The other day, I was watching Glee, and I was overcome with a thought. Despite the corniness of some parts of the show, such as stereotypical characters, I found myself asking myself if I had friends like that. Friends who would stand up for me no matter what.

Glee isn't the only show that shows best friends. There is Grey's Anatomy, Spongebob Squarepants. Everyone deserves a best friend.

I guess I have two best friends. Erin and Char. But I don't spend school-time with them. Erin is in college. Char goes to a different school. Therefore, I came to the conclusion that I am spending most of my time with people that will never be there for me. Those who "care" are apparently OK with not talking to me for days, if not weeks. But at least I have two people who will always be there for me.

Furthermore, I have realized that I must shed my usually negative attitude. Both of my friends have talked to me about not caring for people who obviously do not care about me. It is time for me to start following their advice. It is my senior year in high school, and I plan on making full use of it. I don't have time to waste people who spout lies in my ear.

Closeness between friends are developed between two people. It can't just be one-sided. It is so unfair that I should be making time for people who will not make time for me. Since I am so sick and tired of people making up excuses when there are no excuses, I'll just choose to not listen to them anymore. I have two close friends already, which is enough. My theory is that I can always have a support system in college. 

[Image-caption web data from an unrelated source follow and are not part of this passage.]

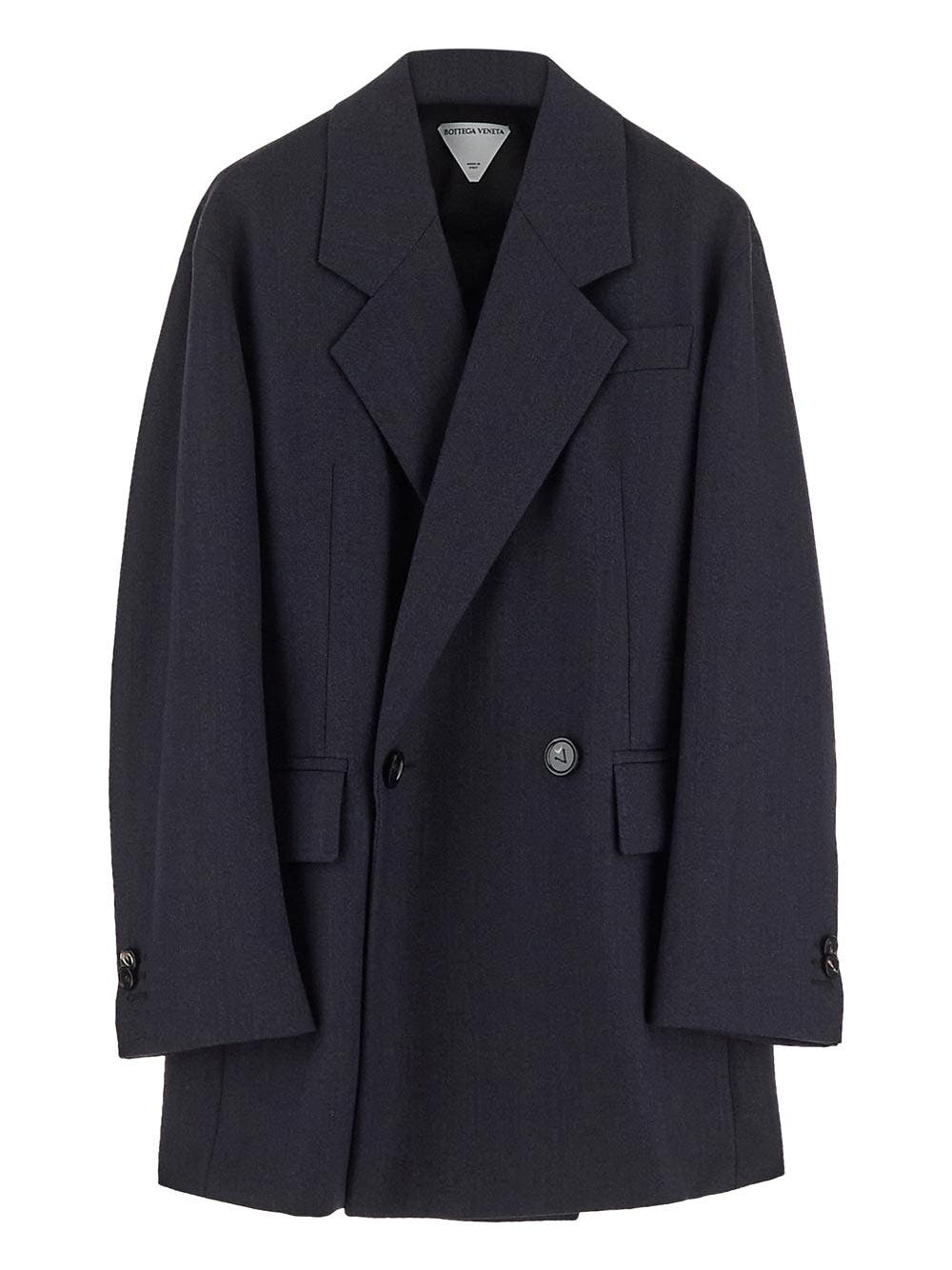 Oluxury Bottega Veneta Double Breasted Jacket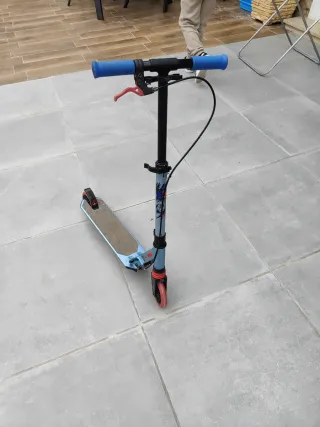 Patinete infantil azul skate niño niña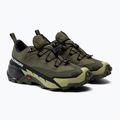 Pánske trekingové topánky Salomon Cross Hike GTX 2 zelené L41738 7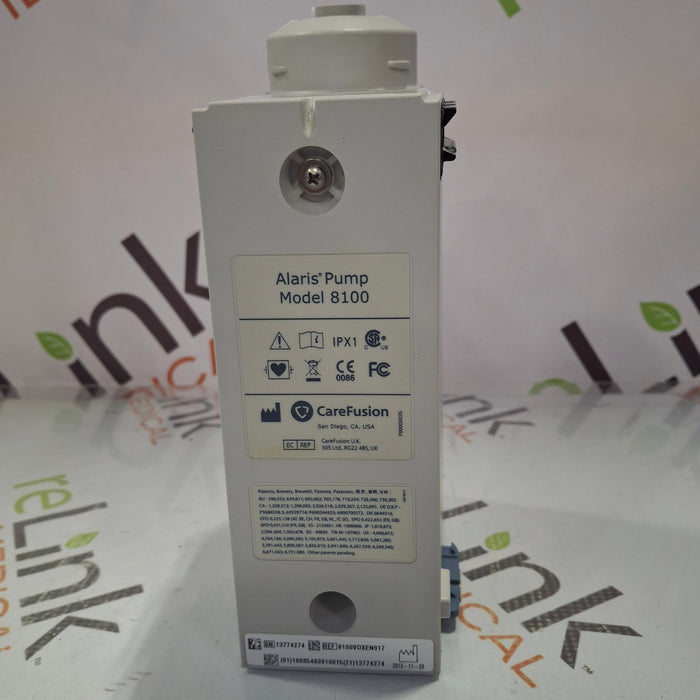 CareFusion Alaris 8100 LVP Infusion Pump Module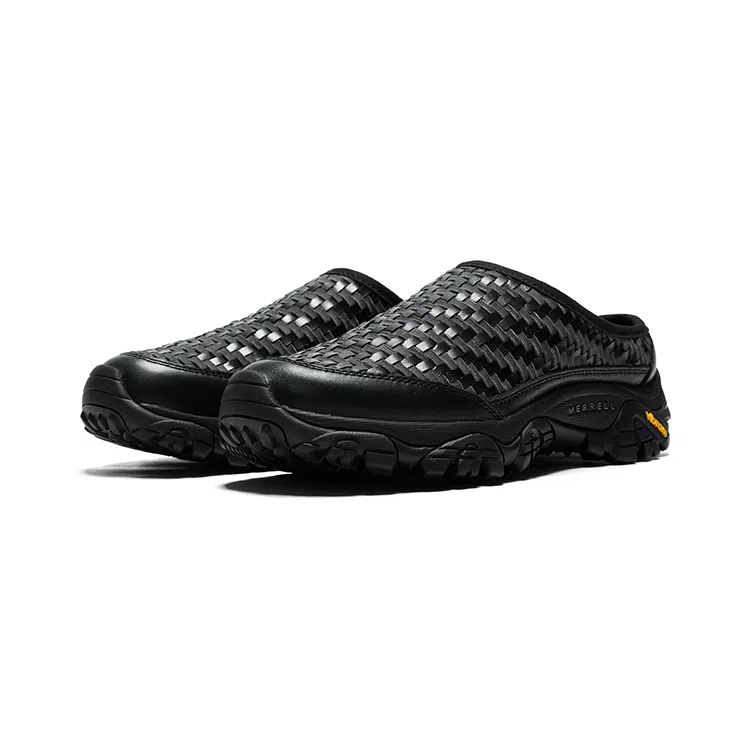 Детские повседневные кроссовки MERRELL Moab 2, Black Gray — фото 3
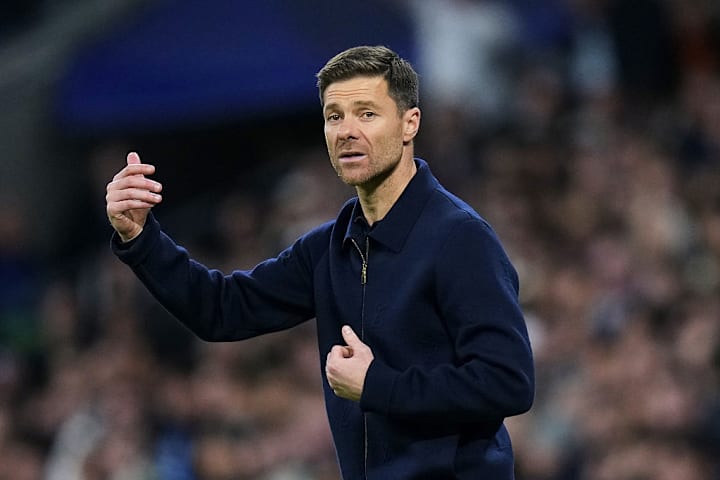 Real Madrid coach Xabi Alonso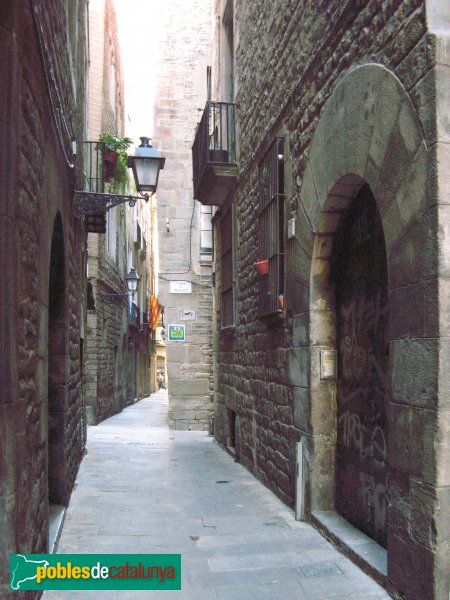 Barcelona - Salomó ben Adret, 7 (Foto: Albert Esteves, 2007) Barcelona - Salomó ben Adret, 7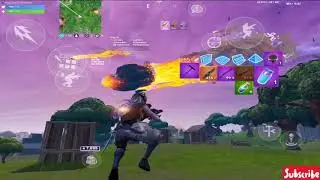 17 kill arena champion league win on Fortnite Mobile(division 8, 8180+ points)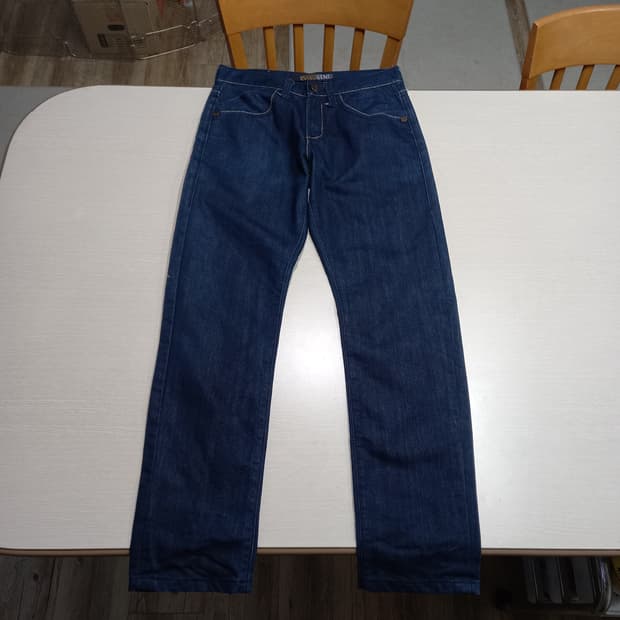 29 EVISU Kor 배기핏 슬림일자진 진청 29-554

I believe that it is never too late to start with something new. I might be a loner right now at school, but I believe as long as I am happy with my current situation, I should be fine.

Erin has always told me that being in the toxic relationships that I have been in the past year and a half, I was destroying myself. Now, I know I should have listened to her advice earlier. I guess I was just too weak to let go at the time. But since I had been happy before I had these supposed "friends", I can be happy without them. Forget the excuses. I have come to the conclusion that if people really like you and care for you, they will never make excuses. They will never doubt you for who you are and who you have been. If they doubt you, it shows that they never cared in the first place. If they forget about you, they never wanted you by their side. True friends don't forget or doubt. If they do, they're just hypocrites when they say they care.

Sorry for such a long post, but I felt that I had to announce this change in perspective. Just felt that I had to get this out there. The fact that I am planning on making a change in life.